L'equa riparazione non può riferirsi ai danni subiti dal richiedente, consistenti in maggiori esborsi conseguenti ad un provvedimento interinale la cui efficacia  si è protratta oltre il termine ragionevole, poiché l'azione da esperire avrebbe dovuto essere quella di indebito arricchimento, nei confronti dell'altra parte nel processo presupposto,  in quanto non trattasi di danno da ritardo bensì attinente al merito della causa.

Così ha stabilito la Corte d'Appello di Roma, sezione equa riparazione, con decreto n. 50392 depositato il 25 marzo 2014, in una vicenda riguardante l'opposizione al decreto con il quale veniva rigettata l'istanza di risarcimento del danno patrimoniale per l'abnorme durata del procedimento relativo al processo civile di separazione coniugale instaurato nel 1999 e definito solamente 13 anni dopo, costringendo nelle more il ricorrente (sino alla sentenza di definizione della separazione che aveva sospeso il contributo) a corrispondere un assegno di mantenimento mensile in favore della moglie.
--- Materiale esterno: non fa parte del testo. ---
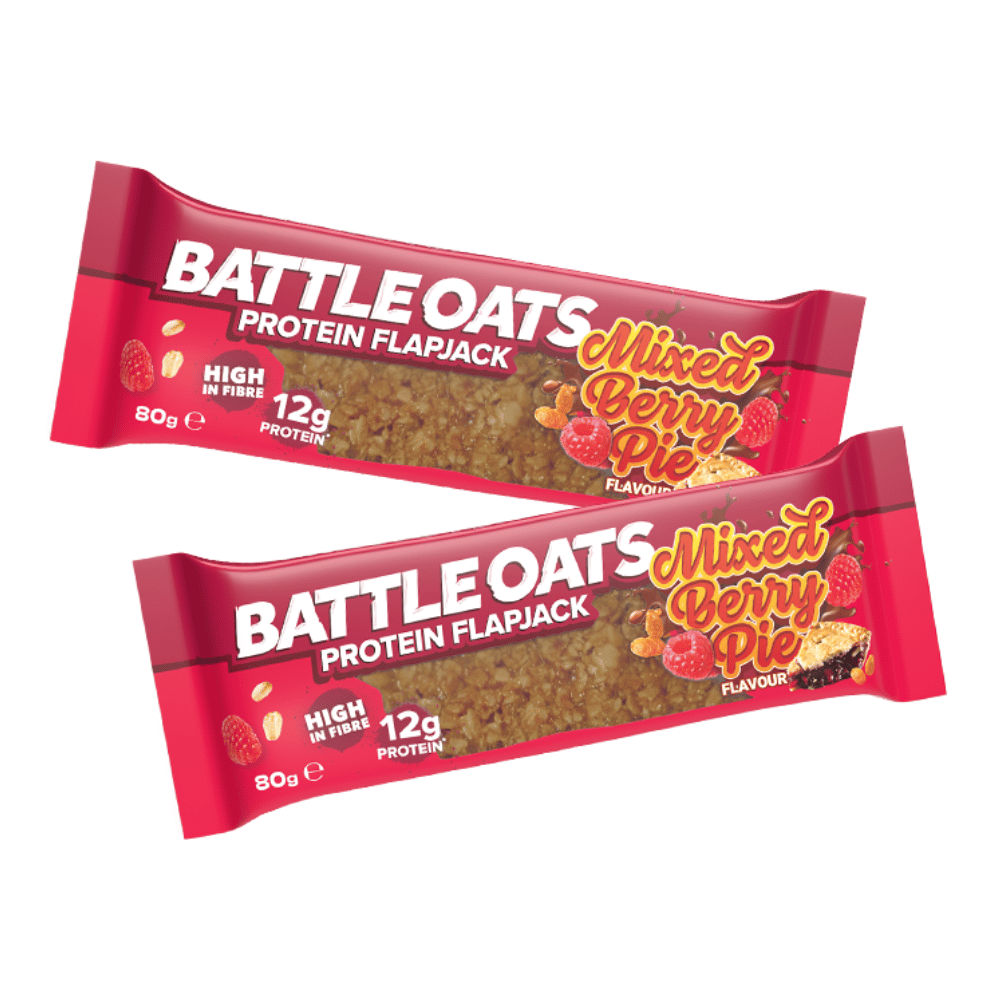 Battle Oats Protein Flapjack by Battle Snacks - Mixed Berry Pie Flavour - Protein Package
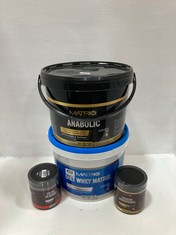 4 X ASSORTED FOOD SUPPLEMENTS TO INCLUDE MATRIX NUTRITION ANABOLIC ULTRA POTENT PROTEIN BLEND STRAWBERRY 5KG - BBE 03/26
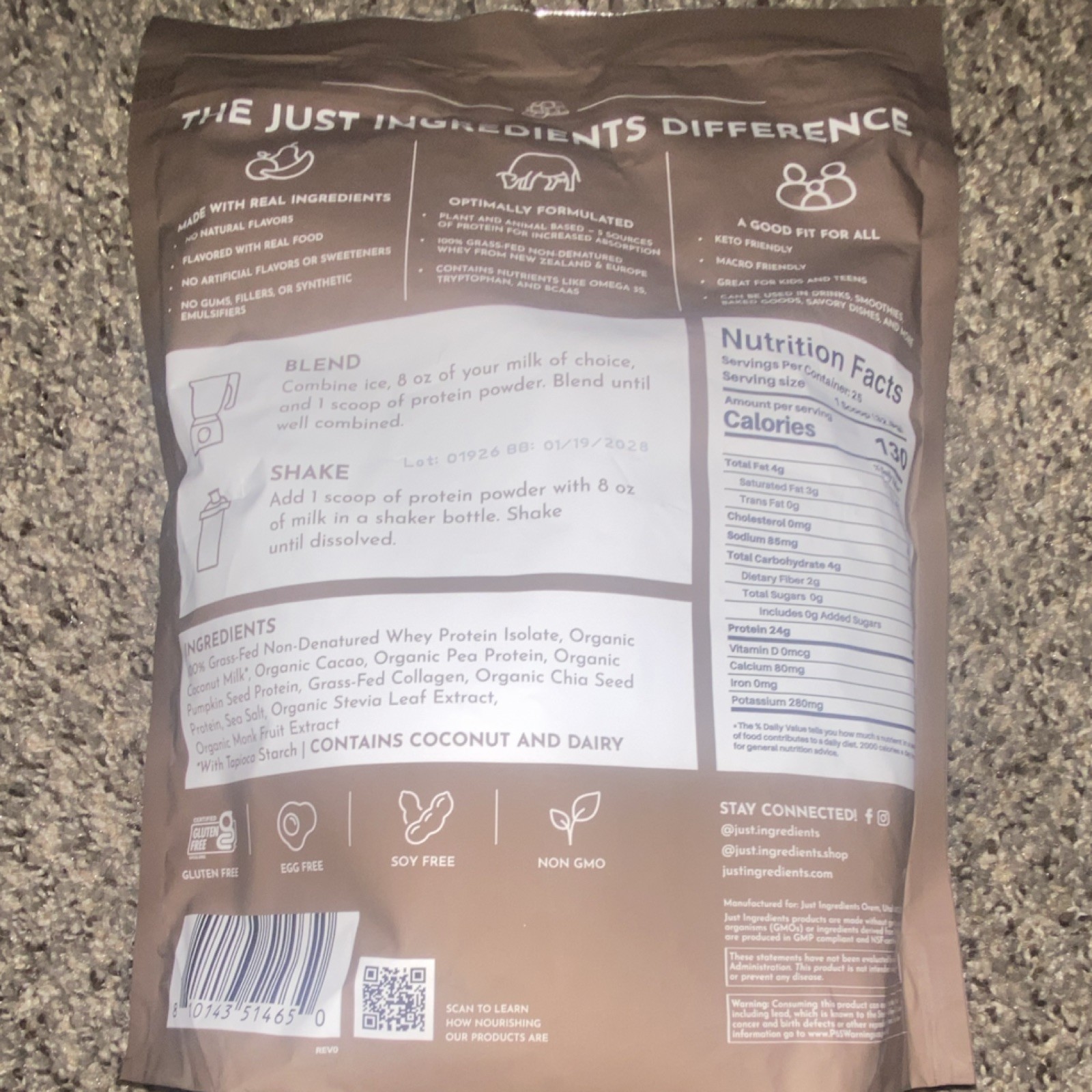 Just Ingredients Chocolate Protein Powder 1.8lb 25 Servings Keto Gluten-Free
L'istanza per ottenere il risarcimento del danno patrimoniale da parte del ricorrente veniva, nella prima fase, rigettata dalla Corte di merito sull'assunto che lo stesso aveva già conseguito, con precedente decreto, il riconoscimento dell'equa riparazione per il danno non patrimoniale subito per la lungaggine del processo civile presupposto, comportando una frazionabilità del suo credito nei confronti del ministero della Giustizia, vietata dalla normativa vigente.

Dolendosi della mancata pronuncia sull'istanza di equa riparazione anche per i danni patrimoniali, da parte della Corte d'Appello nel pregresso decreto, pur espressamente formulata, la difesa del ricorrente sosteneva, invece, che non poteva parlarsi di violazione del principio dell'infrazionabilità della domanda dato che la stessa sarebbe stata frazionata non per volontà della parte bensì per volontà del giudice.

Pur dando atto del fondamento dei rilievi addotti dall'opponente in ordine alla insussistenza di un frazionamento della domanda, la Corte romana ha comunque stabilito che "i danni patrimoniali non erano risarcibili in quanto il danno lamentato non era un danno da ritardo ma attinente al merito della causa" dovendo semmai il ricorrente agire "in via civile per conseguire la ripetizione dell'indebito nei confronti della moglie", confermando il decreto impugnato e compensando le spese tra le parti.